Dans les cas des acheteurs incapables d'avancer le comptant minimal de 5%, la SCHL recommande aussi que le pointage de crédit (Beacon) soit supérieur à 650 points, comparativement à 600 points avec une mise de fonds «traditionnelle».

Les prêteurs sont d'ailleurs plus pointilleux avec les acheteurs sans comptant, confirme Robert Leroux, directeur du courtier Hypotheca. Plusieurs banques exigent un pointage de 680 plutôt que les 650 recommandés par la SCHL, dit-il.

M. Leroux ne voit toutefois aucun problème avec l'achat sans mise de fonds tant que l'emprunteur a un bon dossier. «Le moteur principal, c'est la capacité de payer.»

Attendre un peu?

Chez Desjardins, la porte-parole, Francine Blackburn, indique que les caisses «préfèrent» que les clients aient une mise de fonds de 5%. Quand ce n'est pas le cas, l'institution fait une remise en argent accompagnée d'un taux plus élevé. «On essaie autant que possible de leur dire d'attendre un peu et de mettre de l'argent de côté.»

La porte-parole de la Banque Nationale, Joan Beauchamp, soutient pour sa part que la remise en argent de 5% n'équivaut pas à prêter la mise de fonds. «On ne le finance pas à 100%.»

À la CIBC, Rob McLeod, directeur des affaires publiques, souligne que les prêts sans comptant représentent une proportion «extrêmement faible» des hypothèques consenties. Et que la pratique sera bientôt abolie. «Conformément aux autres changements qui touchent l'industrie et à l'environnement actuel, notre intention est de cesser d'offrir ce produit.»

Les changements mentionnés par Rob McLeod entreront en vigueur le 16 avril prochain. Entre autres nouveautés, Ottawa exigera une mise de fonds minimale de 20% pour l'achat d'une propriété spéculative. Le standard de 5% demeurera pour les maisons régulières.

Nouveaux créneaux

Mo Chaudhury, professeur à la faculté de gestion Desautels de l'Université McGill, estime que les banques cherchent peut-être à percer de nouveaux créneaux en prévision de la baisse prochaine des prêts pour les propriétés spéculatives. «C'est pourquoi elles sont aussi agressives avec le marché des premiers acheteurs.»

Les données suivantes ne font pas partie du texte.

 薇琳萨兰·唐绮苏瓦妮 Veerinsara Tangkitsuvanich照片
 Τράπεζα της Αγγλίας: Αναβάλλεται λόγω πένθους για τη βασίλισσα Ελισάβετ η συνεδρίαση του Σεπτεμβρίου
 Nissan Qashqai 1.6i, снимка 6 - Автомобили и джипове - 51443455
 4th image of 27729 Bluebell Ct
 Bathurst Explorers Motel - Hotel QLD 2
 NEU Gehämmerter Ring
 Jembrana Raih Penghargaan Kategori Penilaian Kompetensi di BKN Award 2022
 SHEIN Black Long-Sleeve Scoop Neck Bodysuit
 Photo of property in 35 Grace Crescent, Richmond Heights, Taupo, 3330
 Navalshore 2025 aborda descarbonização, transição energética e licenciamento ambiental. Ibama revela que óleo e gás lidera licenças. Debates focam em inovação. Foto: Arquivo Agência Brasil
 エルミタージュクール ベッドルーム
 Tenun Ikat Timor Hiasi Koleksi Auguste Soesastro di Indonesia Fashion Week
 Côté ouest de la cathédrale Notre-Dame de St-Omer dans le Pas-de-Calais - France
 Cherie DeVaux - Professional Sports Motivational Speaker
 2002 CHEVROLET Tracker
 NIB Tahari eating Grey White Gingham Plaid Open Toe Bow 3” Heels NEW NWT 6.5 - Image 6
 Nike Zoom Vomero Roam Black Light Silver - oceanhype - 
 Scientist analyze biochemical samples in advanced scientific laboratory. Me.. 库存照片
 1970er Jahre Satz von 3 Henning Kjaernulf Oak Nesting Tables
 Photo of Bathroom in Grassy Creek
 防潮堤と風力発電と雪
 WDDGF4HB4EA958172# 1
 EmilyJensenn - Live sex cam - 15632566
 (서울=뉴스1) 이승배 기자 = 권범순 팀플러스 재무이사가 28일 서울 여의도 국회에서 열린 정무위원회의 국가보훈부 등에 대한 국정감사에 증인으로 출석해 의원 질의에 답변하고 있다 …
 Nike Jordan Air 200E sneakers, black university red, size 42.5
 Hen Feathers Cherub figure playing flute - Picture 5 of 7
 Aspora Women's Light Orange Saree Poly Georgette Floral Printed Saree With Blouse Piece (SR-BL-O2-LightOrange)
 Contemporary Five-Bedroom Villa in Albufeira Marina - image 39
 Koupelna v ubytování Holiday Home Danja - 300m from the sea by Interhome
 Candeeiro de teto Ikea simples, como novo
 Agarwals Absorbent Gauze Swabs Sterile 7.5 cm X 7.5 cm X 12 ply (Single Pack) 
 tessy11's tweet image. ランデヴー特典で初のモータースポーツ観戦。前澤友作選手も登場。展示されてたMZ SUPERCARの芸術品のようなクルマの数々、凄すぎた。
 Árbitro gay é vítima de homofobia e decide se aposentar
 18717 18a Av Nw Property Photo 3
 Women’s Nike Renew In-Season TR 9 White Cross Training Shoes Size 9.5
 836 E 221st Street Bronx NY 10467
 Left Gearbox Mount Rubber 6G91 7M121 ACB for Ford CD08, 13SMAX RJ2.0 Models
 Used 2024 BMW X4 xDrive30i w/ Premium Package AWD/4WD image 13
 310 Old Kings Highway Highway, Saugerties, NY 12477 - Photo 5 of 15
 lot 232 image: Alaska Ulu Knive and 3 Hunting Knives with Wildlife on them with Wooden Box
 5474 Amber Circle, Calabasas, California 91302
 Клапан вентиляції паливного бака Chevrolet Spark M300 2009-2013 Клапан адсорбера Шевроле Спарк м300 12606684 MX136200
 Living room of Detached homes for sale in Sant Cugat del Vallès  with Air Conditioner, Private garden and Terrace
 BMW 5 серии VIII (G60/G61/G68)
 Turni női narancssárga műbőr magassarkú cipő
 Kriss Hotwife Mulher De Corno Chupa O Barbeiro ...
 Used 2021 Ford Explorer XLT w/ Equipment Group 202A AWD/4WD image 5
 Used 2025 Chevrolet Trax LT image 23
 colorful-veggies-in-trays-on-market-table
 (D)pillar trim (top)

Quoi qu'il en soit, M. Chaudhury ne s'offusque pas de voir les institutions prêter à des acheteurs sans mise de fonds. Les banques sont en affaires pour courir des risques, dit-il. «Dans ce cas-ci, si elles peuvent être assurées que vous avez un travail relativement stable et payant, je pense que c'est un bon risque pour les banques.»

Les porte-parole de la Banque Scotia et de la Laurentienne n'avaient pas rappelé La Presse Affaires au moment de mettre sous presse, hier.